__Task prompt__
A verbatim copy of the listing is needed; pictures are to be left out.

__Stored data__
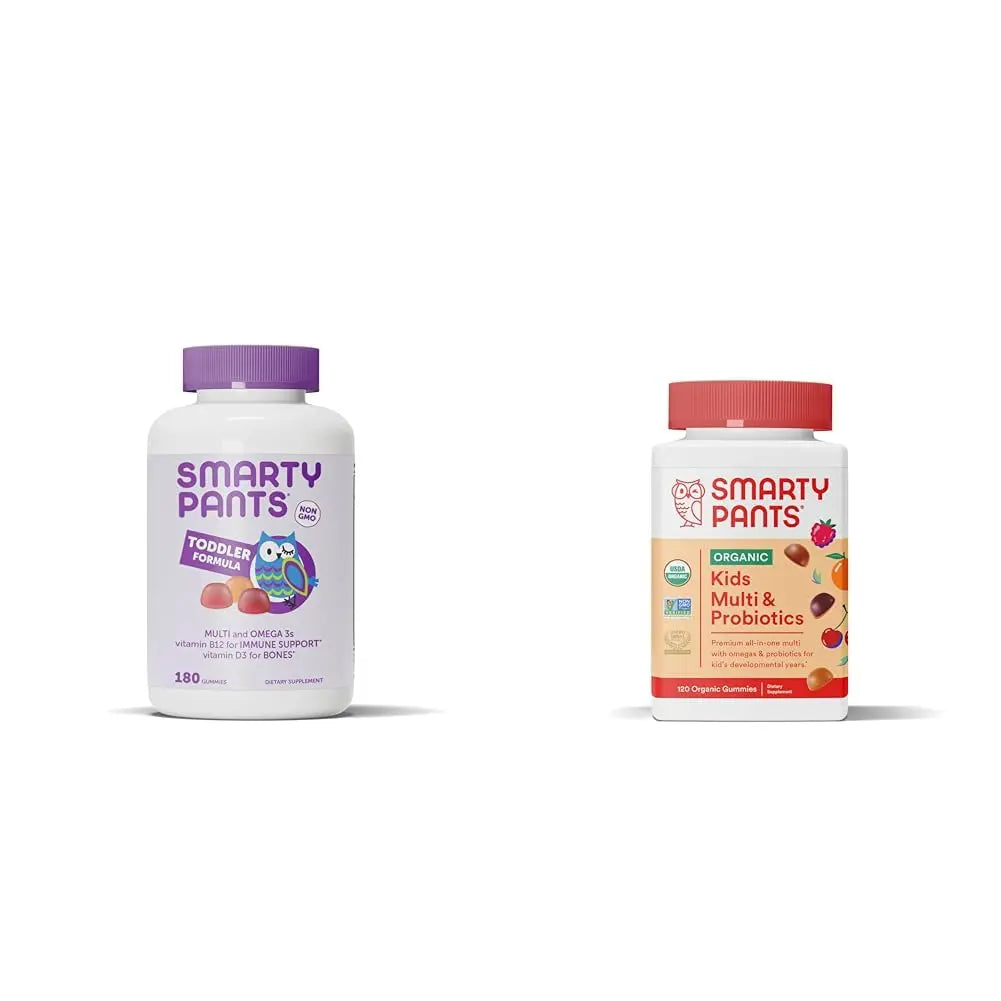 SmartyPants Toddler Multivitamin Gummies: Omega 3 Fish Oil (EPA/DHA), Vitamin D3, C, Vitamin B12, B6 & Organic Kids Multivitamin Gummies: Probiotics, Omega 3 (ALA), Vitamin D3, C, Vitamin B12 SmartyPants buy supplements canada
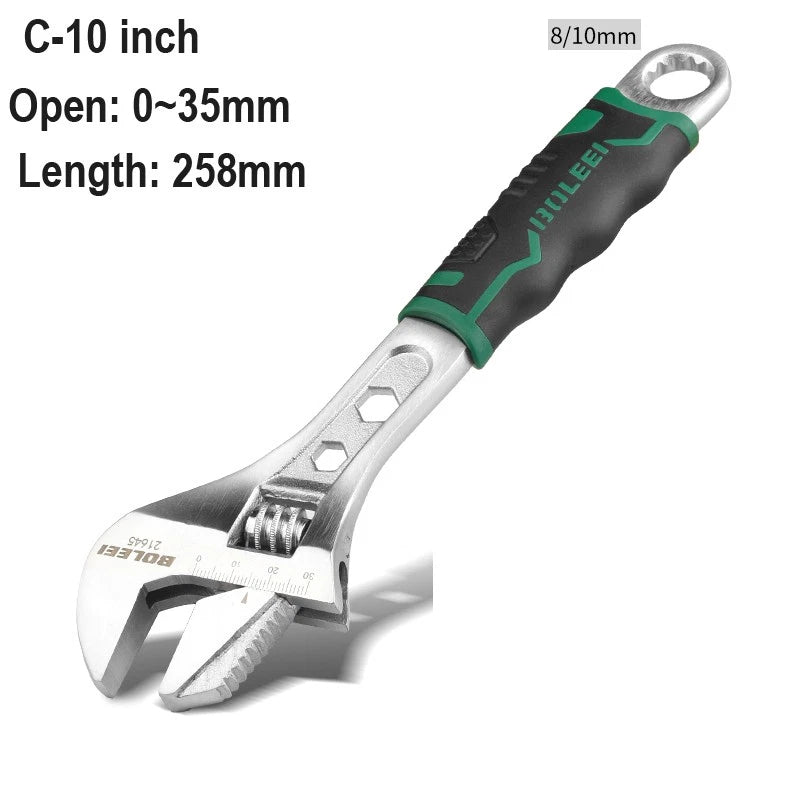 Adjustable Spanner Wrench 6 8 10 12" Cr-V Steel Metric Scale Strong Grip Handle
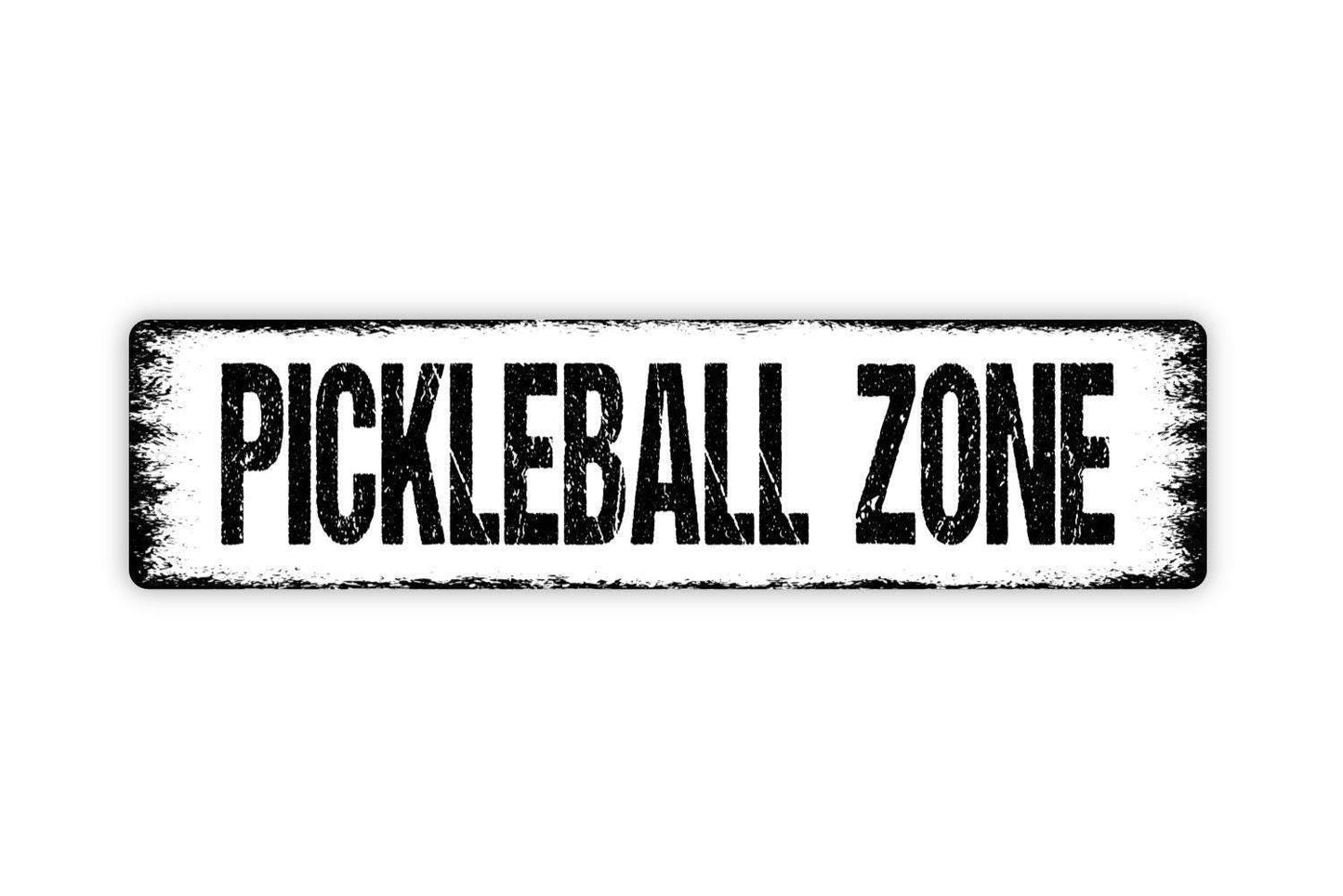 Pickleball Zone Sign - Court Play Indoor Or Outdoor Vinyl Sticker Or Street Metal Sign or Door Name Plate Plaque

__Result below__
 SmartyPants Toddler Multivitamin Gummies: Omega 3 Fish Oil (EPA/DHA), Vitamin D3, C, Vitamin B12, B6 & Organic Kids Multivitamin Gummies: Probiotics, Omega 3 (ALA), Vitamin D3, C, Vitamin B12 SmartyPants buy supplements canada
 Adjustable Spanner Wrench 6 8 10 12" Cr-V Steel Metric Scale Strong Grip Handle
 Pickleball Zone Sign - Court Play Indoor Or Outdoor Vinyl Sticker Or Street Metal Sign or Door Name Plate Plaque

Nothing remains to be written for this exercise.